The 2023 CONCACAF Beach Soccer Championship was the tenth edition of the CONCACAF Beach Soccer Championship, the premier beach soccer tournament contested by CONCACAF teams. The tournament took place at the Malcolm Park Beach Soccer Facility in Nassau, Bahamas.

The defending champions and the hosts were both eliminated in the semi-finals. The United States, which won the tournament for the third time, qualified to the 2024 FIFA Beach Soccer World Cup along with runner-ups Mexico as the top two CONCACAF teams.

==Teams==
A total of 12 teams competed in the tournament.

| Team | Appearance | Previous best performance |
|---|---|---|
| Bahamas (hosts) | 8th | Quarter-finals (2015, 2017, 2019) |
| Belize | 5th | Round 1 (2015, 2017, 2019) |
| Costa Rica | 10th | Runners-up (2009, 2015) |
| Dominican Republic | 2nd | Round 1 (2021) |
| El Salvador (title holders) | 9th | Champions (2009, 2021) |
| Guadeloupe | 4th | Fourth place (2017) |
| Guatemala | 6th | Third place (2021) |
| Mexico | 10th | Champions (2008, 2011, 2015, 2019) |
| Panama | 5th | Champions (2017) |
| Trinidad and Tobago | 6th | Quarter-finals (2015, 2017, 2019, 2021) |
| Turks and Caicos Islands | 5th | Round 1 (2015, 2017, 2019) |
| United States | 10th | Champions (2006, 2013) |

==Draw==
The draw was held at 11:00 EDT on 17 March 2023 at CONCACAF headquarters in Miami, United States.

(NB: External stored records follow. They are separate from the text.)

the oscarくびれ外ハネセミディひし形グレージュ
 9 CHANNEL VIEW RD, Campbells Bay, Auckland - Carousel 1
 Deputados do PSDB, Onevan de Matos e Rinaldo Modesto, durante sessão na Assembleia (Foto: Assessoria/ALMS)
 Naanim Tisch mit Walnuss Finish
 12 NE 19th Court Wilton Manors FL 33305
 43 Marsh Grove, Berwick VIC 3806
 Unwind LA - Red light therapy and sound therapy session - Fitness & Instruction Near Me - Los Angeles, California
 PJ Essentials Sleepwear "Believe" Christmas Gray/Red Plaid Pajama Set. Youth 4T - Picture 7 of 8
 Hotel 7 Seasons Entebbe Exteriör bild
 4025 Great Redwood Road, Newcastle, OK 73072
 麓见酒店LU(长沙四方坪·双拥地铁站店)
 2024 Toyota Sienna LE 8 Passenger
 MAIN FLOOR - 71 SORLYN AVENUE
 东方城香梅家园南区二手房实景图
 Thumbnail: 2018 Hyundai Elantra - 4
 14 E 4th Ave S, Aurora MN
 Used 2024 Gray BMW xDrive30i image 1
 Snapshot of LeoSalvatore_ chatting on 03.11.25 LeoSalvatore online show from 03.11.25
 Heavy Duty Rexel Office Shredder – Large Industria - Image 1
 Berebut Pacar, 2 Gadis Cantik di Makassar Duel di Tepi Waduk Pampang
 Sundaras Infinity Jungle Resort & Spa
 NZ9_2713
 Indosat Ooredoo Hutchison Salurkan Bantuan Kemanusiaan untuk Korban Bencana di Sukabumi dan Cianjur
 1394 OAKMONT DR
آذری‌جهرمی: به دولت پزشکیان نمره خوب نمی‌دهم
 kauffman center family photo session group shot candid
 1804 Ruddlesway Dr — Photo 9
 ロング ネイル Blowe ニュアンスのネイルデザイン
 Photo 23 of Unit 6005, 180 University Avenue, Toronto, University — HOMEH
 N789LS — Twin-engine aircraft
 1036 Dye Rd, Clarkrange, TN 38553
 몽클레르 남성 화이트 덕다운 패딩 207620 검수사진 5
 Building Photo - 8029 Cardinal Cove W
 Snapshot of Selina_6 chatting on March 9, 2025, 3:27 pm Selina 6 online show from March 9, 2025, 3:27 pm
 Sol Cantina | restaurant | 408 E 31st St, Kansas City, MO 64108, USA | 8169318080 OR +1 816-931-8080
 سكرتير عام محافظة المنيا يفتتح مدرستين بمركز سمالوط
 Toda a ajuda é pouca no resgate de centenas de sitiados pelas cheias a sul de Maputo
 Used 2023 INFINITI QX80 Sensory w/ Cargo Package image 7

The 12 teams were drawn into three groups of four.

The procedure was as follows:

The teams were first divided into four pots of three based on their CONCACAF Beach Soccer Ranking as of August 2021. The highest ranked teams were placed in Pot 1, down through to the lowest ranked teams placed in Pot 4. The three teams in Pot 1 were seeded and each automatically assigned to the head of one of the groups. The teams from Pots 2–4 were then drawn, drawing all teams from one pot before moving onto the next.

| Pot 1 | Pot 2 | Pot 3 | Pot 4 |
|---|---|---|---|
| Mexico (1); El Salvador (2); United States (3); | Panama (4); Bahamas (5) (hosts); Costa Rica (6); | Guatemala (7); Trinidad and Tobago (8); Guadeloupe (9); | Belize (12); Turks and Caicos Islands (14); Dominican Republic (18); |

The numbers in parentheses show the CONCACAF ranking of the teams as of August 2021, out of 19 nations.

==Squads==

Each team had to submit a squad of 12 players, including a minimum of two goalkeepers.

==Group stage==
Each team earns three points for a win in regulation time, two points for a win in extra time, one point for a win in a penalty shoot-out, and no points for a defeat. The top two teams from each group and the two best third placed teams advance to the quarter-finals.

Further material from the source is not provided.